§ **Task**
For this exercise, write out each entry below exactly, omitting the images.

§ **Dataset**
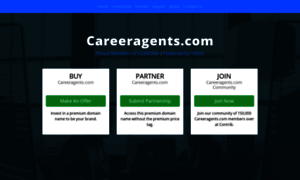 Careeragents.com thumbnail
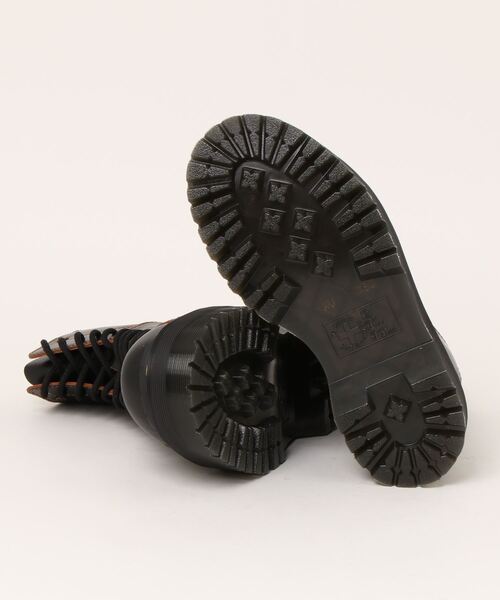 Dr. Martens(ドクターマーチン)の「《Dr.Martens》JADON DECON LTT 12 ホール ブーツ 31211001(ブーツ・メンズ・ブラック・UK5/UK6/UK7/UK8/UK4)」の3枚目の写真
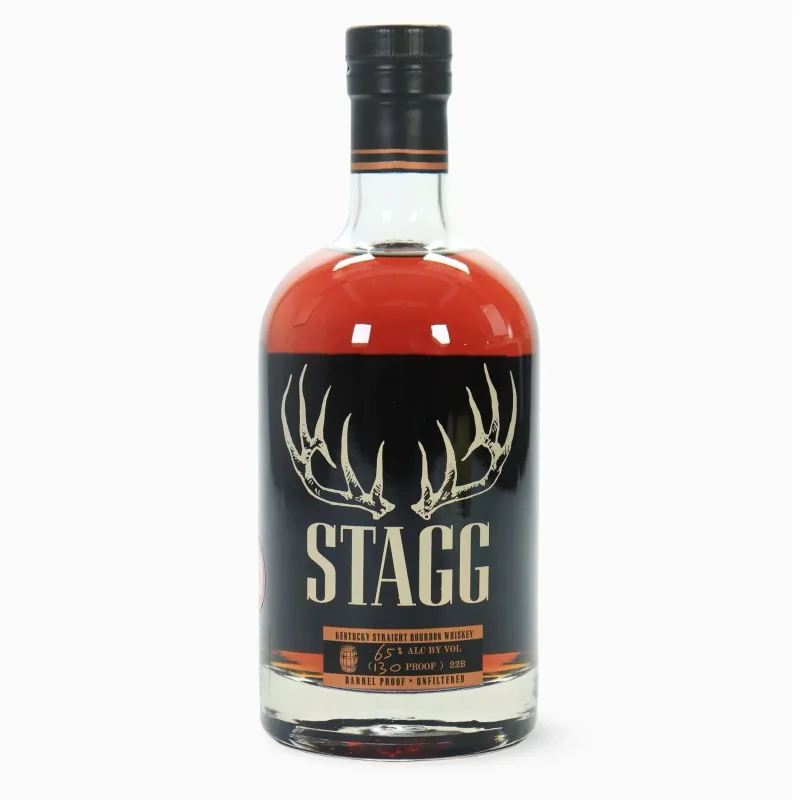 George T Stagg Junior Batch #22B Summer 2023 Kentucky Straight Bourbon (75cl, 65%)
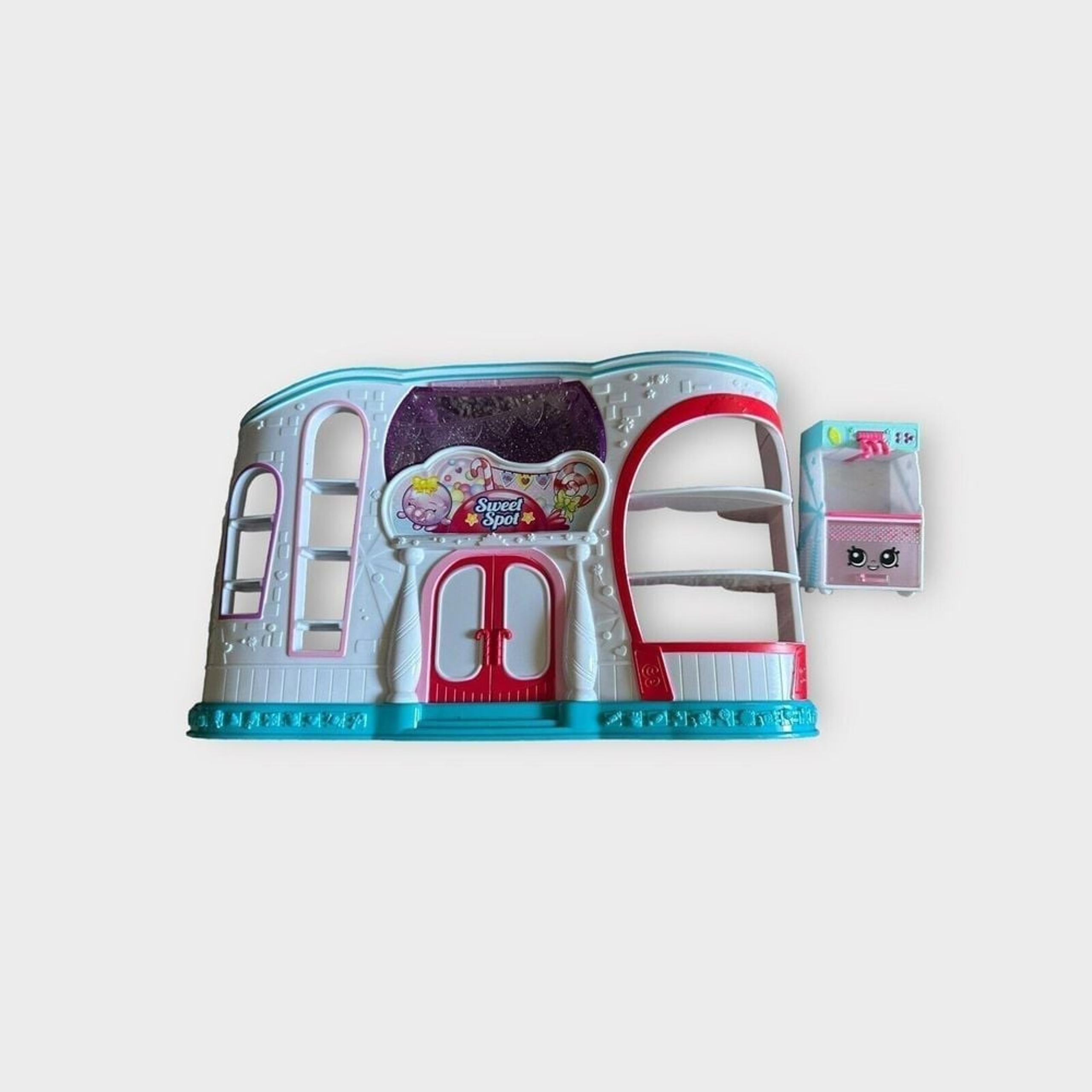 Shopkins Sweet Spot Food Fair Playset Gumball Machine Replacement Part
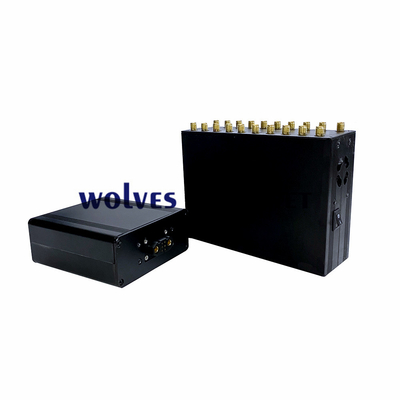20W CDMA Handy G/M 3G 4G 5G Wifi GPS des Rf-Signal-Blocker-20W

§ **Response to this task**
 Careeragents.com thumbnail
 Dr. Martens(ドクターマーチン)の「《Dr.Martens》JADON DECON LTT 12 ホール ブーツ 31211001(ブーツ・メンズ・ブラック・UK5/UK6/UK7/UK8/UK4)」の3枚目の写真
 George T Stagg Junior Batch #22B Summer 2023 Kentucky Straight Bourbon (75cl, 65%)
 Shopkins Sweet Spot Food Fair Playset Gumball Machine Replacement Part
20W CDMA Handy G/M 3G 4G 5G Wifi GPS des Rf-Signal-Blocker-20W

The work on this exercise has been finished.